Entre os mortos, todos da mesma família, encontrava-se uma bebé de 10 semanas, Ellouise Statham, que perdeu a vida, juntamente com os pais, David e Michele. faleceram, ainda, os outros três filhos do casal, Mason, 20 meses, Reece, 13 anos, e Jay, 9 anos.
Isto aconteceu na Inglaterra, cujo sistema judiciário é totalmente diferente do nosso, quanto ao modelo seguido. Nem os juízes, lá, são escolhidos como cá. Nem os procuradores são figuras comparáveis, às de cá. Nem, principalmente, as leis processuais, são idênticas às de cá.
Na Inglaterra, com séculos de democracia e atenção aos direitos individuais, uma pessoa como este português que interveio directamente num acidente de viação, tem este destino:
Depois do gravíssimo acidente ocorrido na terça-feira, portanto há dois dias, a polícia deteve-o e levou-o para a esquadra nessa condição. Provavelmente, teve direito a advogado, intérprete, defesa circunstanciada.

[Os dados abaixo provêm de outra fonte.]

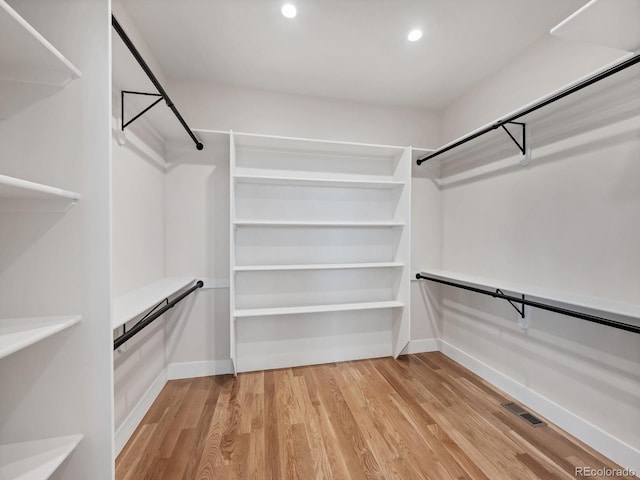 walk in closet featuring light hardwood / wood-style flooring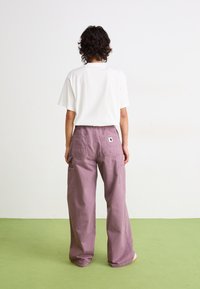 Biały t-shirt z krótkim rękawem w połączeniu z luźnymi, jasnofioletowymi spodniami typu cargo z naszywanymi kieszeniami i metką z tyłu. Płaskie buty, zielona podłoga.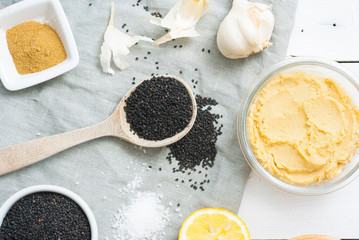 hummus spread and ingredients: chick pea, sesame seeds, garlic on creased canvas, white wood background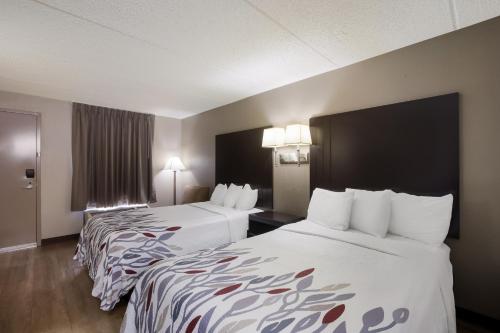 a hotel room with two beds and two lamps at Red Roof Inn Atlanta Airport NE Conley in Conley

Passados dois dias, é formalmente acusado de homicídio e segundo o jornal, já será julgado pela morte de seis pessoas.
Deve descontar-se, ao jornal, a notícia sobre o "julgamento". Estes jornalistas julgam-se dispensados do rigor dos termos informativos e muito mais do rigor conceptual que leva a explicar a quem não entende, o significado de expressões e assuntos que exijam algum conhecimento técnico.
Assim, um julgamento, não equivale a um interrogatório para aplicação de medida de coacção. E que pode ser a prisão preventiva, remível, neste caso, à famosa caução que só pode ter a natureza de carcerária, ou seja, para substituir a prisão.
E como acontece em Portugal?
Tomemos o caso paradigmático do acidente ocorrido há uns meses numa estrada rápida do Nordeste transmontano e que vitimou vários idosos, que seguiam num autocarro, abalroado por um veículo ligeiro.
Na altura, apareceu no local toda o circo mediático costumeiro, para tentar dar a explicação do sucedido. A única pessoa interveniente e sobre quem surgiram suspeitas de comportamento inadequado na condução ( confirmado indiciariamente meses depois), ficou em liberdade e nem sequer foi ouvida em declarações na altura. Muito menos detida ou com prognóstico nesse sentido.
O que a polícia de estrada ( GNR-BT) nesse caso, faz, é o trivial: tomar conta do caso, participar ao Ministério Público, e depois, investigar. A audição das testemunhas e suspeitos, com recolha de provas fica por conta da polícia, também. Ao fim de alguns meses, por vezes longos, elaboram um relatório onde dão conta do resultado da investigação. Nesta altura, esses relatórios são tecnicamente bem elaborados, com indicações concretas das causas possíveis do acidente e dos responsáveis.
Só depois disso, o MP, elabora o despacho final no processo com vista ao destino que pode ser a acusação penal.
E depois dessa acusação, decorre um prazo de algumas semanas, para uma eventual instrução a cargo de um juiz e para reapreciar os fundamentos da acusação, se for esse o caso.
Só então, passados mais uns meses ou semanas, o processo chega à barra do tribunal propriamente dito. Com o julgamento a demorar o que tiver que demorar ( alguns, pelos vistos, demora anos!).
Tudo isto em resultado das leis que temos e nada mais. E em boa parte dos casos, para inglês ver.
Mesmo dando o devido desconto, pelo julgamento aqui anunciado, a verdade é que a formulação de um "indictment", de uma acusação formalizada no sentido de a polícia ter recolhido provas do facto criminoso, suficientes para apresentar o suspeito ao juiz, em dois dias, é motivo de reflexão sobre os nossos métodos. Que não sobre o modelo...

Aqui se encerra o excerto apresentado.